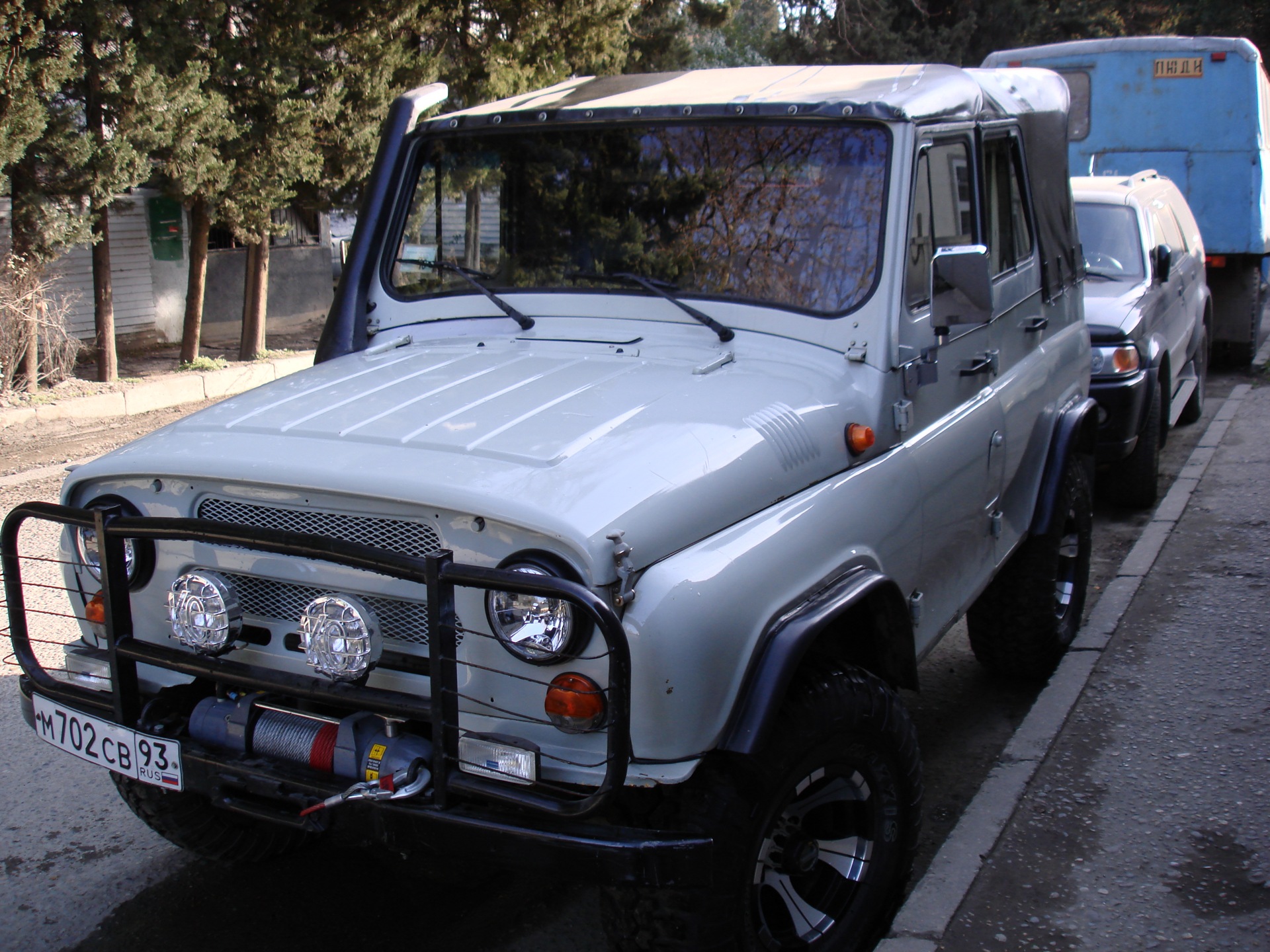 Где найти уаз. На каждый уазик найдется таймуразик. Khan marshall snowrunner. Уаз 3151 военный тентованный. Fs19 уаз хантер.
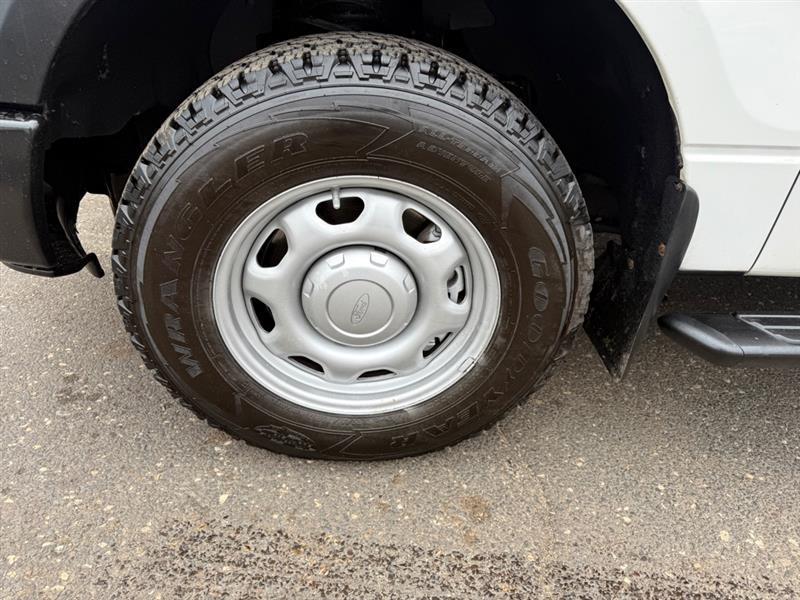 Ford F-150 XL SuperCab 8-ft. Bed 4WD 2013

* * *

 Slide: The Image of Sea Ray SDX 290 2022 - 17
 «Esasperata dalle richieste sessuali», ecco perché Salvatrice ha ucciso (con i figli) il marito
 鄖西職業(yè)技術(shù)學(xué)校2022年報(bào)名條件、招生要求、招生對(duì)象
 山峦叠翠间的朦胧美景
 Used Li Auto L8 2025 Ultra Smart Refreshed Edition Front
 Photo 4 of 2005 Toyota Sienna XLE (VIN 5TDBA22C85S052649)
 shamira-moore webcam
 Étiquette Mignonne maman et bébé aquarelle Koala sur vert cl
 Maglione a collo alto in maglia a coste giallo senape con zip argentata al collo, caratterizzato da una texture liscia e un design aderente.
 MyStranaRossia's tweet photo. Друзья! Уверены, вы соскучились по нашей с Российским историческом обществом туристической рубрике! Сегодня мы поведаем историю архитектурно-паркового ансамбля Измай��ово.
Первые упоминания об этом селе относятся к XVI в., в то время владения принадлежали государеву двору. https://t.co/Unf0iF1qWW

---

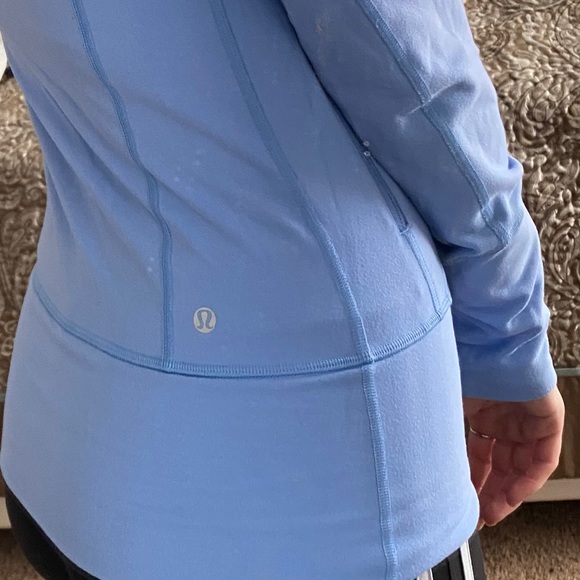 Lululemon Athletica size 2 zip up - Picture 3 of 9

## WHAT YOU HAVE TO DO
In the entries above, the lines from the one bearing "Slide: The Image" up to and including the one bearing "Maglione a collo" should be transcribed exactly; no other line is wanted.

## OUTPUT FOR THIS EXERCISE
 Slide: The Image of Sea Ray SDX 290 2022 - 17
 «Esasperata dalle richieste sessuali», ecco perché Salvatrice ha ucciso (con i figli) il marito
 鄖西職業(yè)技術(shù)學(xué)校2022年報(bào)名條件、招生要求、招生對(duì)象
 山峦叠翠间的朦胧美景
 Used Li Auto L8 2025 Ultra Smart Refreshed Edition Front
 Photo 4 of 2005 Toyota Sienna XLE (VIN 5TDBA22C85S052649)
 shamira-moore webcam
 Étiquette Mignonne maman et bébé aquarelle Koala sur vert cl
 Maglione a collo alto in maglia a coste giallo senape con zip argentata al collo, caratterizzato da una texture liscia e un design aderente.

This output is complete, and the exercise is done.